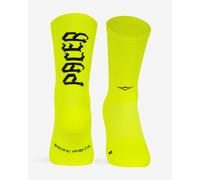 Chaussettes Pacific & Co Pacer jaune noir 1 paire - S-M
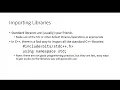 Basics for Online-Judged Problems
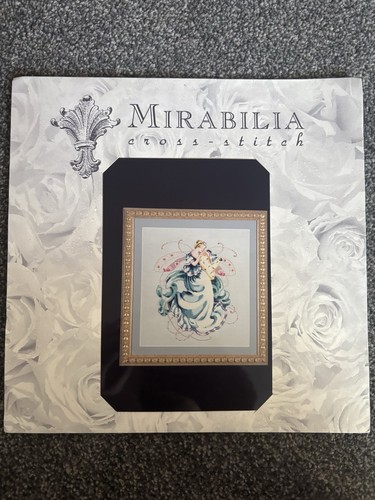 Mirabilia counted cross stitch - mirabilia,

+++

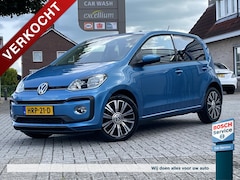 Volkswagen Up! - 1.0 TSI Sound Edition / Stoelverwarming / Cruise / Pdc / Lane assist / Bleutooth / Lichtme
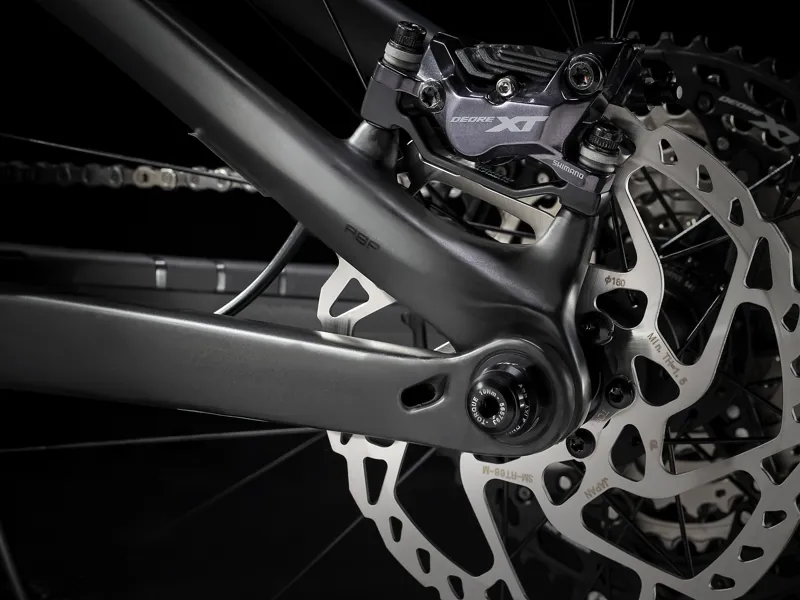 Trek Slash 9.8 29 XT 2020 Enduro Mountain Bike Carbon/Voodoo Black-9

+++

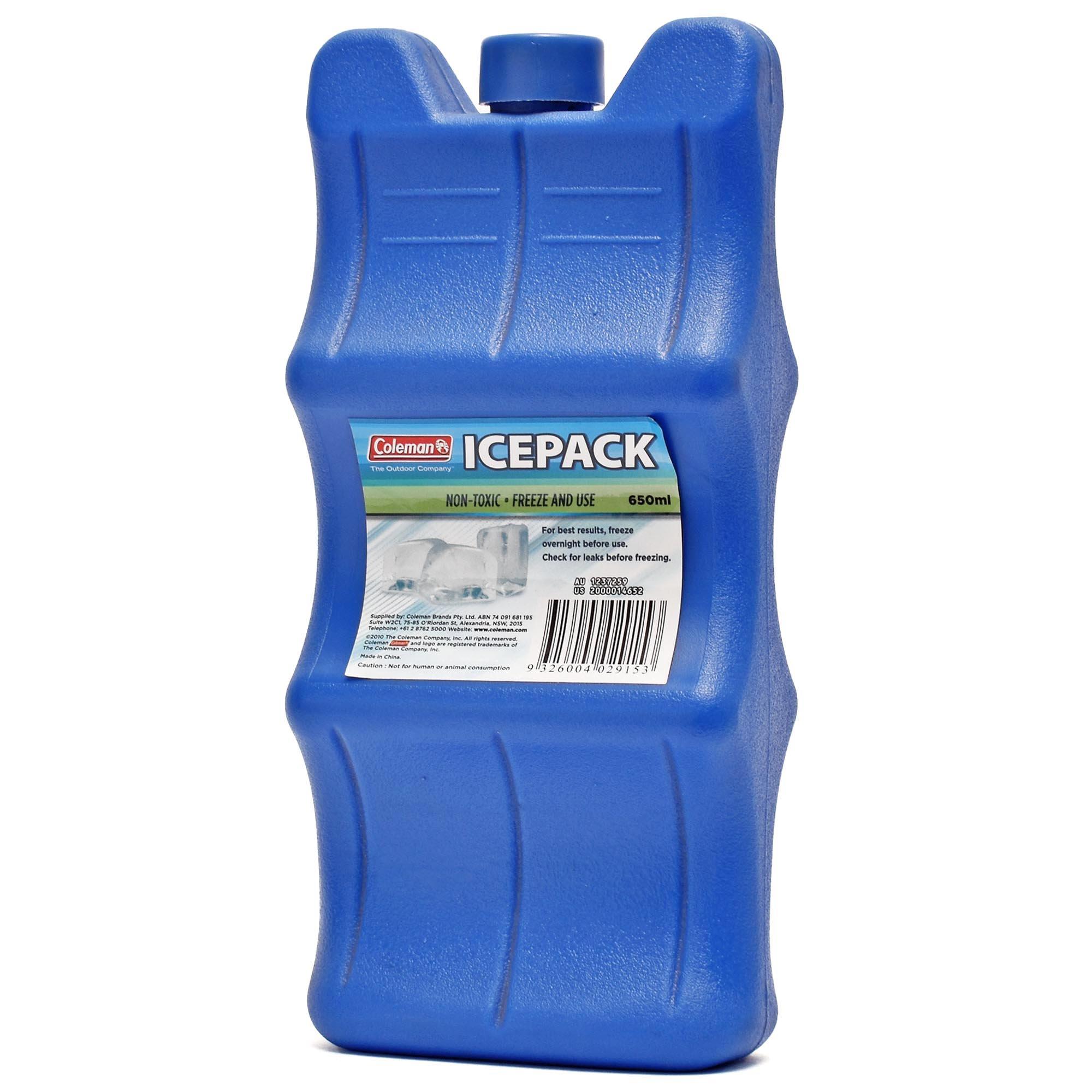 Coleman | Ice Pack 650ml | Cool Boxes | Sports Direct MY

+++

EXERCISE. The lines to set down run from the line with "Chaussettes Pacific &" up to and including the line with "Mirabilia counted cross" in the entries above. Reproduce them exactly, with no pictures.

ANSWER AREA.
 Chaussettes Pacific & Co Pacer jaune noir 1 paire - S-M
 Basics for Online-Judged Problems
 Mirabilia counted cross stitch - mirabilia,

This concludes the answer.